Architecture
WARNING
This page is still under construction and will be updated soon.
RDF-Connect consists of pipelines, processors, runners, orchestrators, and channels, each playing a crucial role in the data processing ecosystem. In the diagram above, an example pipeline flow is illustrated, showing how different components interact with each other. When a user starts a pipeline configuration file (e.g., pipeline.ttl
), the orchestrator will be initialized. Depending on the pipeline, the orchestrator will instantiate various runners for different environments. An environment can differ in terms of programming language, runtime, or execution context. For example, a processor written in JavaScript or TypeScript might be handled by a Node-based runner such as a NodeRunner or a BunRunner, depending on specific preferences or requirements. Similarly, processors written in Java or Kotlin would require a JvmRunner to provide the appropriate runtime support. Beyond language, environments also vary in where the runner is instantiated—some runners may operate locally on the same machine as the orchestrator, while others may be spun up on external infrastructure, such as remote servers or cloud-based services, following a platform-as-a-service model.

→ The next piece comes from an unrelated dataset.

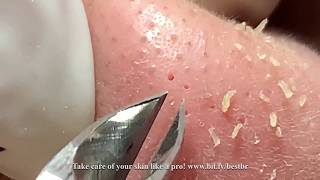 Blackhead Extraction Masterclass Achieve Clear Skin  bitlybestbr [upl. by Safko]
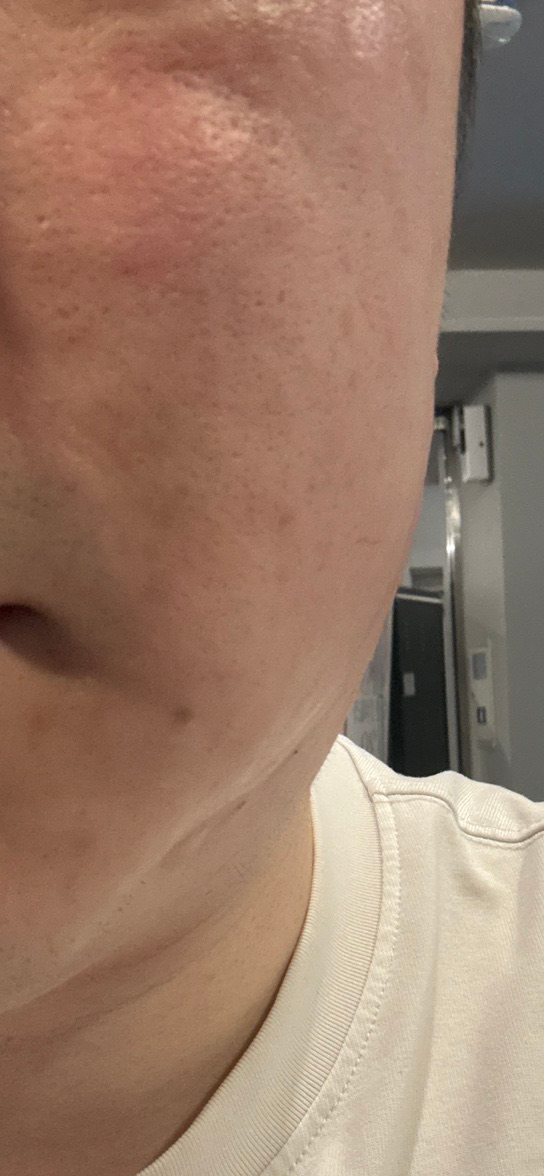 수술후기이미지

After the orchestrator is initialized and the runners are instantiated, the runners will start their respective processors. Processors are the core components that perform specific data processing tasks, such as fetching data from an HTTP endpoint, executing a SPARQL query, applying machine learning algorithms, or transforming data using RML (RDF Mapping Language). Processors can be written in various programming languages, and each processor is associated with a specific runner that is capable of executing it.
Processors communicate with each other through channels, which are streaming interfaces that allow data to flow between different processing steps.
Learn more about pipelines
At the heart of RDF-Connect is the notion of a pipeline, which defines a structured sequence of processing steps. Each step corresponds to a processor, configured with parameters and paired with an appropriate runner that governs its execution. Pipelines specify the flow of data between processors using readers and writers, forming a streaming architecture in which data is continuously passed along and transformed. The pipeline configuration itself is expressed in RDF, making it semantically explicit and machine-interpretable.
Learn more about processors
A processor is a modular, reusable software component that performs a discrete data processing task. In a typical scenario, a processor receives input data through a reader, transforms it according to its logic, and emits the result via a writer. However, processors are also flexible enough to support single-directional tasks, such as those that only produce or only consume data. Crucially, processors are implementation-agnostic — they can be written in any programming language and integrated into pipelines via language-specific runners. This makes processors the building blocks of RDF-Connect’s cross-language interoperability.
Learn more about runners
A runner is responsible for executing a processor on behalf of the orchestrator. Each runner targets a specific language or execution environment, enabling processors written in different languages to participate seamlessly in a pipeline. For example, a JavaScript processor would be executed using a NodeRunner
, which knows how to initialize and manage JavaScript-based components. In this sense, a runner serves as an execution strategy, abstracting away the platform-specific details of launching and interacting with a processor.
Learn more about orchestrators
The orchestrator is the central component that interprets and runs RDF-Connect pipelines. It parses the RDF-based configuration, initializes and assigns runners, instantiates processors, and manages the data flow between components. Acting as the conductor of the system, the orchestrator ensures that processors execute in the correct order and that data is passed efficiently and correctly through the pipeline. Its role is fundamental to realizing the streaming and semantic integration goals of RDF-Connect.
Learn more about channels
Channels, consisting of readers and writers, provide the streaming interfaces that connect processors within a pipeline. A writer streams data out from a processor, while a reader receives data into a processor. Together, they define how data flows between pipeline steps in an idiomatic and composable way. This separation of concerns allows for flexible data routing and makes it easy to compose and recombine processors across different pipeline configurations.